KINGSPORT, Tenn. (WJHL) — For the first time this year, Kingsport City Schools is expanding regular third-grade parent meetings to fourth grade. Assistant Superintendent for Instruction Rhonda Stringham told News Channel 11 that’s because of a new state law that went into effect last school year.

The controversial legislation has become known as the “third-grade retention law”, but Stringham said that’s a bit of a misnomer.

“The actual law states that they have to make adequate progress between third grade TCAP and fourth grade TCAP to go on to fifth grade,” said Stringham.

This year’s state test scores will determine whether or not students who scored in the approaching expectations or below expectations categories will have to repeat fourth grade, so school officials like Stringham are paying extra attention to quarterly exams, or benchmarks, which gauge students’ knowledge on state standards.
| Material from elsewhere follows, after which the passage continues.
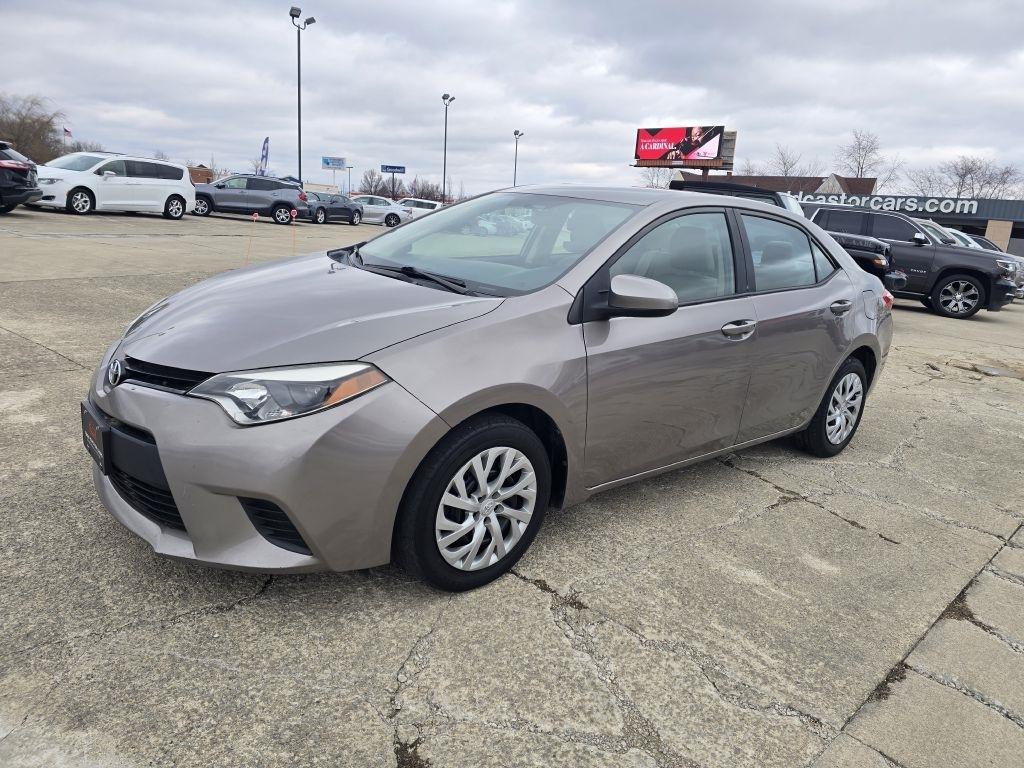 2014 Toyota Corolla L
“Our teachers are being very intentional with the stand surge and how they map to the test,” said Stringham.

Stringham said teachers are asking them three critical questions about each standard:

“How do we know if they know it? That’s the benchmark. What do we do if they don’t? So how do we address that in the classroom, in intervention and in tutoring,” said Stringham. “What do we do if they already know it? How do we push those kids to get more out of school than what they could be getting?”
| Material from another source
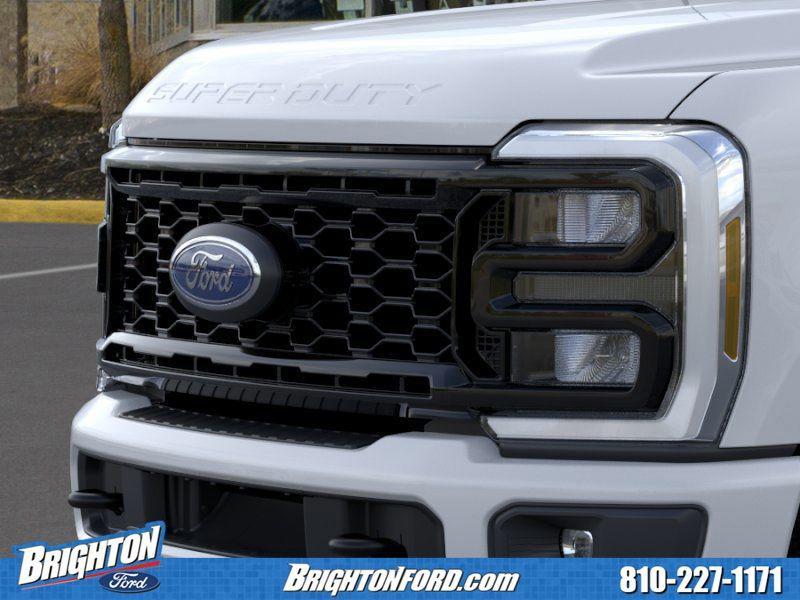 new 2026 Ford F-350 car, priced at $56,650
The work to get students up to standards extends beyond the school day, said Stringham, with before and after school tutoring. Across the district’s elementary and middle schools, 400 students are enrolled in tutoring.

Those participation numbers are highest among students in third and fourth grades, the two grades impacted by the retention law, said Stringham.

Current fourth graders who scored below the “meets expectations” threshold on the TCAP last year were required to attend summer school, participate in tutoring during the school year or both. Stringham said both tutors and parents are interested in the programs.

“We’ve had a lot of people take us up on it because they really want their children to do well,” said Stringham.

The district is also using the lessons it’s taken from the “third-grade retention” experience to increase customization and individualized attention for kids across subjects.

“We’re doing the same kind of strategizing with kids in math that we’re doing in [English Language Arts], and that makes me very excited,” said Stringham.

Students will take two more benchmark exams in January and March before TCAP testing in April.